Variations in the results of the Valsalva maneuver can be useful in differentiating various disorders. Neurogenic orthostatic hypotension creates a “V” blood pressure response pattern as a prolonged and exaggerated decrease in blood pressure in phase II with a reduced to absent response in phase III. Inappropriate sinus tachycardia produces an “M” blood pressure response pattern with two systolic peaks (phase II and IV). In POTS, there is an “N” pattern with a sustained overshoot in blood pressure of more than or equal to 10 mm Hg during phase IV.14

Cardiovascular autonomic neuropathy (CAN) in patients with diabetes has historically been evaluated with five cardiovascular reflex tests, including deep breathing testing, Valsalva maneuver, 30/15 test, handgrip test, and orthostatic hypotension test. However, the utility of the handgrip test has been questioned, as its result is more likely to be abnormal with an elevated resting diastolic blood pressure (DBP). Additionally, it is unlikely to be positive in the setting of baseline hypertension.15

Combining the Valsalva maneuver with lying to standing deep breathing testing has been suggested as an initial screening test for early autonomic neuropathy, with a sensitivity of 85%.16 Additionally, in a study of patients with type 1 diabetes, combining at least two cardiovascular autonomic reflex tests had a sensitivity of 100% in detecting autonomic dysfunction, when using radiotracer iodine-123 MIBG testing as a reference standard.17

Tilt-Table Test

Tilt-table test is a commonly used tool to evaluate the sympathetic and parasympathetic system and is useful in the diagnosis of diseases such as orthostatic hypotension, POTS, and neurocardiogenic syncope.18,19 The role of the tilt-table test is to evaluate the neurocardiovascular system response to shifts in blood volume. Changes in posture from lying to standing result in 400 to 600 mL of blood shifting from the thorax into the lower extremities by gravitational stress.20 Hypotension and syncope are prevented by venous contraction by skeletal muscles in the lower extremities and neurocardiogenic baroreflex responses. In active standing, both of these mechanisms are engaged; however, tilt-table test isolates the neurocardiogenic response by removing the active phase of standing.4

Patients are initially secured to the table in the supine position and should be attached to an automated external defibrillator with pacing capabilities. The patient is kept in the supine position for approximately 20 minutes to obtain a baseline blood pressure and heart rate. Once the patient is in a supine steady state, the table angle is rapidly increased to a head-up position of 60 to 80 degrees.
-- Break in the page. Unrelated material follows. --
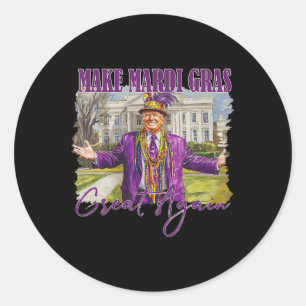 Make Mardi Gras Great Again Trump Beads Mask Feath Classic Round Sticker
In order to effectively assess the baroreceptors, patients should stay as still as possible and avoid moving their legs to prevent skeletal muscle-mediated vasoconstriction. The environment should be calm and quiet to avoid central neurologic effects. Patients remain in the head-up position for at least 10 minutes, with continuous heart rhythm monitoring and frequent blood pressure assessments every 2 to 3 minutes. The test may need to be discontinued prematurely if the patient develops severe discomfort, sustained hypotensive response, or syncope.4

In adults, a normal response to tilt-table test includes a mild heart rate increase of no more than 30 bpm, systolic blood pressure (SBP) decrease of no more than 20 mm Hg, and a DBP decrease of no more than 10 mm Hg.18 Patients with orthostatic hypotension exhibit a fall in blood pressure (ie, SBP >20 mm Hg or DBP >10 mm Hg) with a blunted heart rate response. In POTS, patients will have an exaggerated heart rate response (sustained increase of heart rate by at least 30 bpm) with a normal blood pressure response. Neurocardiogenic syncope exhibits an abrupt fall in blood pressure without a compensatory heart rate response and may exhibit asystole. This response may occur late (up to 20 minutes) into the head-up maneuver.4,10,18 Figure 28.2 provides examples of the various hemodynamic responses expected during tilt-table test. Table 28.2 outlines the classification of responses to a positive tilt-table test.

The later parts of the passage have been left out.